**Supplied data:**

* * * *

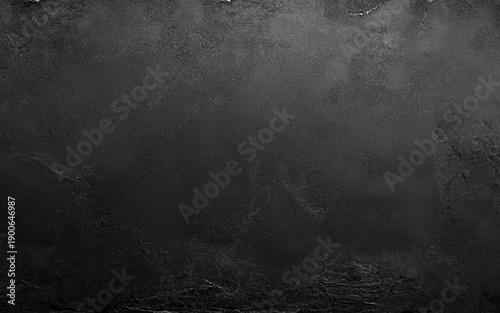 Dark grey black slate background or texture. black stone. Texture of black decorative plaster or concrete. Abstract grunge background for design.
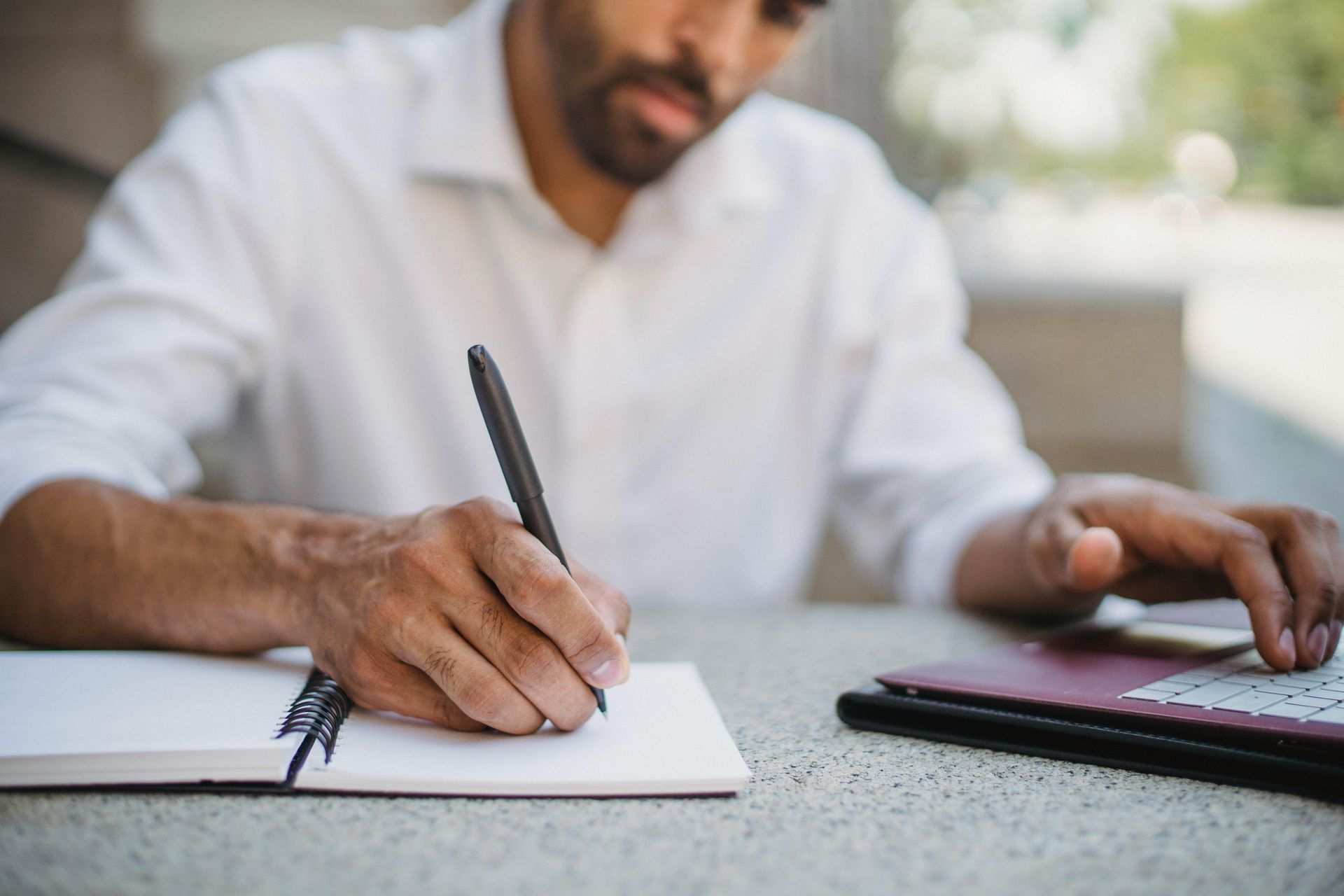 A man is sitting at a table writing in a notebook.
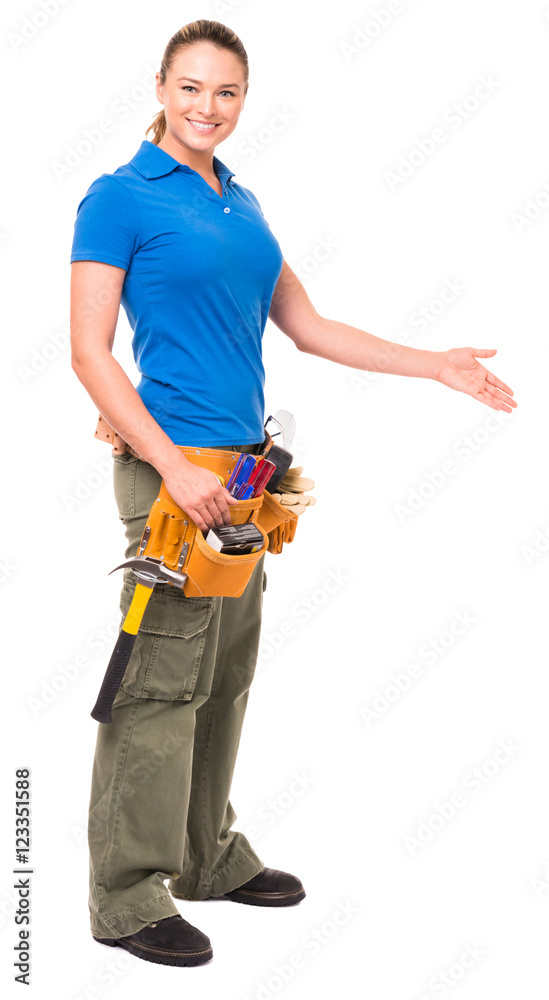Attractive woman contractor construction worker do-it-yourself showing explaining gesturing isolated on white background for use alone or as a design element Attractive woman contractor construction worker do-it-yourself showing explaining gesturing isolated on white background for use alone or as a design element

* * * *

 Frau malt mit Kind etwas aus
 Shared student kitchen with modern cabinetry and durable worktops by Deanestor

* * * *

Write out, word for word, the stretch of entries that begins at the line with "A man is sitting" and ends at the line with "design element Attractive". Pictures do not belong in it.

**Answer box:**
 A man is sitting at a table writing in a notebook.
Attractive woman contractor construction worker do-it-yourself showing explaining gesturing isolated on white background for use alone or as a design element Attractive woman contractor construction worker do-it-yourself showing explaining gesturing isolated on white background for use alone or as a design element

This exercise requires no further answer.